Farmers in the United States are considered to be any entrepreneur who sells agricultural products for more than $ 1000 per year. If the farm does not sell anything, or its annual turnover does not reach this amount, then this is considered a simple kitchen garden. At the same time, there is a clear division of farmers according to their farming method:
- Owners of small farms, most often of elderly age, who are engaged in farming purely as a hobby.
- Organic farms, specializing in high-quality products and, accordingly, applying new technologies in their business.
- Large agricultural holdings that produce the vast majority of products for the United States and for export.
It is the latter two types of farms that receive the lion’s share of the profits. Accordingly, the difference in the concept of how much a farmer earns between the first and second or third categories will be very large. Large farms and organic agricultural enterprises often use the principles of precision farming, which can increase profits quickly and efficiently, primarily by reducing costs and increasing the speed of harvesting. These technologies include:
- Using of GPS for automatic steering of tractors.

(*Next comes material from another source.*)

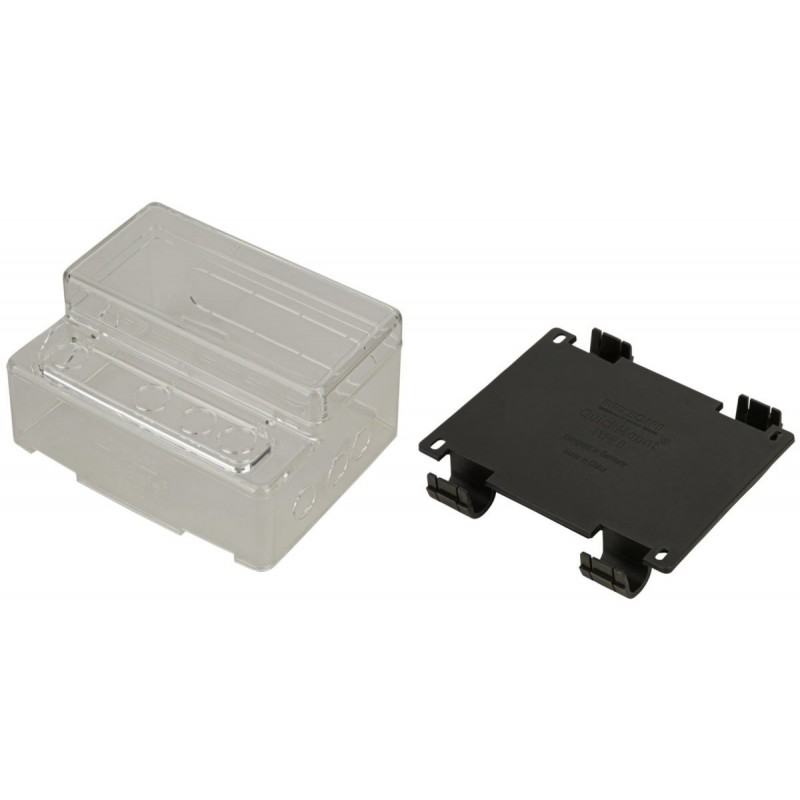 RockBoard PedalSafe Type D2 - Protective Cover And RockBoard Mounting Plate For Large Horizontal Pedals - 1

- Drawing up accurate weather maps and forecasts, landscape maps.
- Using automatic fertilization and insecticide application.
- The use of drones for monitoring fields and spraying fertilizers.
- ·ntroduction of new types of agricultural machinery for harvesting and processing fields.
All of them require initial considerable costs, but subsequently, they pay off in full. Well, the reasonable economy is always a part of ag business. But the statistics says that farmers in Iowa (this state is one of the leaders in the agro-industrial complex in the country) say that in financially successful years it was considered in the order of things to buy new combines, tractors and cars every two or three years. Recently, money is no longer spent with such ease. Nevertheless, about 40% of farms bought a new tractor in 2015.